> **Caption-style text data**
________

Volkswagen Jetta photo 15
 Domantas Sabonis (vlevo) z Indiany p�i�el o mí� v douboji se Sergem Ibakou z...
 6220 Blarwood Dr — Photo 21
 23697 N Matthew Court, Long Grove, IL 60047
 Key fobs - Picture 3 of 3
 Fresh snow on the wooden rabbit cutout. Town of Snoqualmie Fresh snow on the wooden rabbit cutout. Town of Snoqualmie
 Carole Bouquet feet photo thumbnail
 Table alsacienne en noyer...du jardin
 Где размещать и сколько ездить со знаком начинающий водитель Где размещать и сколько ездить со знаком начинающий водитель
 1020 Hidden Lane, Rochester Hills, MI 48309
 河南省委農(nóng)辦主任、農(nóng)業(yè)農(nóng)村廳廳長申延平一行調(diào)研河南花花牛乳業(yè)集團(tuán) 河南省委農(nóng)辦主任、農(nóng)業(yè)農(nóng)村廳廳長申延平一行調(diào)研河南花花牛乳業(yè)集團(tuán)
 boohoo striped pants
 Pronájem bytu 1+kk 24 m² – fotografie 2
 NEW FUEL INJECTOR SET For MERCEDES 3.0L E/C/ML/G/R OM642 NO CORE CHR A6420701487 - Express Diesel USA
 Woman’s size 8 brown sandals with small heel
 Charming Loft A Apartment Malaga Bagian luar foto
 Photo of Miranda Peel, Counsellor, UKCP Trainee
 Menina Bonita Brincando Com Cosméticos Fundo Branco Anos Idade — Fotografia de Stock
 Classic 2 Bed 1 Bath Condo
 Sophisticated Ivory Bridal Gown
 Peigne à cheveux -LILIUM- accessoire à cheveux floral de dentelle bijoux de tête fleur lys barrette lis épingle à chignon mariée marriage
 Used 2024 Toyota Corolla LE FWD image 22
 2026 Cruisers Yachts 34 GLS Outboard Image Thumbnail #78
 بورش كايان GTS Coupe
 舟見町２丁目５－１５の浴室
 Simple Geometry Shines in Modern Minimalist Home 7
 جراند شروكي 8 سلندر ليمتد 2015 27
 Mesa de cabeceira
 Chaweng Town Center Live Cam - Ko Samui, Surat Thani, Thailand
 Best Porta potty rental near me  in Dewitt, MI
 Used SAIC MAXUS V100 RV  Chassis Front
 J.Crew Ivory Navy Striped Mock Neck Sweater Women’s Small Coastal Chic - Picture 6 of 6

________

> **What you need to do**
Take each line above that holds the string "Picture" and copy it.

> **Exercise response**
 Key fobs - Picture 3 of 3
 J.Crew Ivory Navy Striped Mock Neck Sweater Women’s Small Coastal Chic - Picture 6 of 6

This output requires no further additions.